ARFORGEN to change Army education
Gen. William Wallace, until recently commanding general of the Combined Arms Center and Fort Leavenworth, Kan., and now the chief of Training and Doctrine Command, said that ARFORGEN would necessitate changes to training and leader development, causing a profound impact on the institutional Army.
Changes he said were taking place include:
• more distance learning classes
• increasing the number of training cycles per year
• reducing the length of NCO courses
• and eliminating the Combined Arms Services Staff School.
“The institutional Army is in this fight, too,” Wallace said, adding that the new brigade-centric Army called for a brigade-centric training strategy as well.
Wallace said the bottom line was that Army needs a near-continuous output of trained leaders and trained Soldiers from TRADOC.
USAR no longer `force in reserve’
The chief of the Army Reserve, Lt. Gen. James R. Helmly, said that today’s Army Reserve was no longer the balanced, just-in-case force that it had been years ago when it mirrored the Army and Army National Guard in its makeup of units and capabilities.
“We’ve gone from a force in reserve to a complementary, skill-rich force of specialists,” Helmly said.
To successfully meet the necessities of the events-based ARFORGEN model, Helmly said that the mobilization process had to be smoothed out by being decentralized.
Additionally, the Army Reserve’s current overstructure burden needed to be resolved through the development of a Trainees, Transients, Holdees and Students account.

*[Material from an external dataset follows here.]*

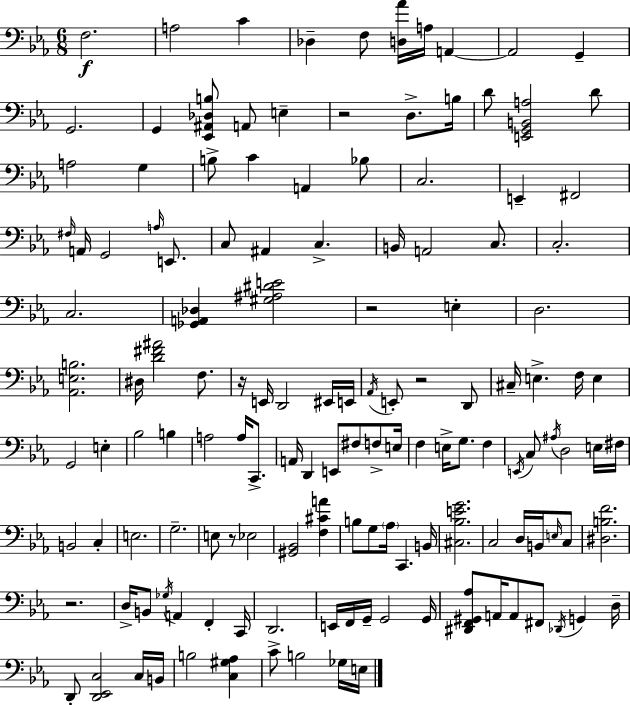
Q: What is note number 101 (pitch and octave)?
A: E2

This TTHS account would manage Soldiers currently on a unit’s rolls but not able to deploy, thereby providing a more accurate picture of a unit’s go-to-war strength.

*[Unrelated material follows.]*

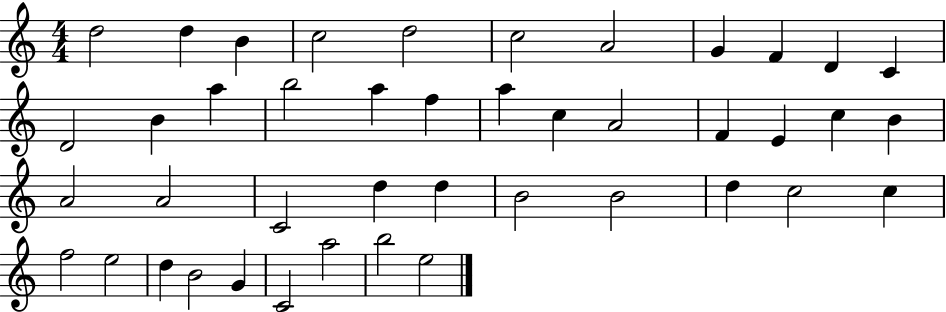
D5/h D5/q B4/q C5/h D5/h C5/h A4/h G4/q F4/q D4/q C4/q D4/h B4/q A5/q B5/h A5/q F5/q A5/q C5/q A4/h F4/q E4/q C5/q B4/q A4/h A4/h C4/h D5/q D5/q B4/h B4/h D5/q C5/h C5/q F5/h E5/h D5/q B4/h G4/q C4/h A5/h B5/h E5/h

When fully implemented, this system would significantly reduce the amount of cross-leveling of Soldiers required for a deploying unit, taking it to the easily-managed cross-leveling of those Soldiers with last-minute problems, such as a broken ankle, Helmly said.

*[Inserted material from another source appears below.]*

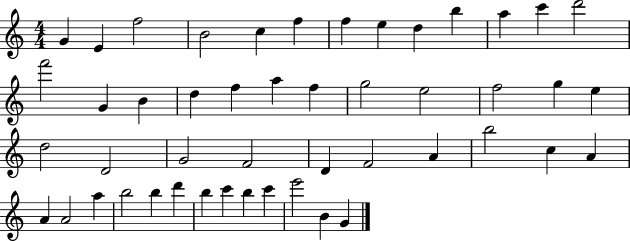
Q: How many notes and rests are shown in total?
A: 48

Guard must balance force structure
The director of the Army National Guard, Lt. Gen. Clyde Vaughn, echoed Helmly’s concerns on reducing cross-leveling and solving the imbalance in authorized strength and force structure. He saw great benefits from the ARFORGEN system in addressing these issues.
“We are 100 percent behind ARFORGEN,” Vaughn said.
Vaughn said the Army National Guard must be a full-spectrum force, with modernized combat support and combat service support. Although there will be some specialized forces, the focus will be on the 34 modular brigade combat teams.
McNeill wrapped up the panel by saying that the ARFORGEN process would be value added to the Army, giving improved predictability of available forces and decreasing the joint force commander’s uncertainty whether or not needed units will be ready when called upon.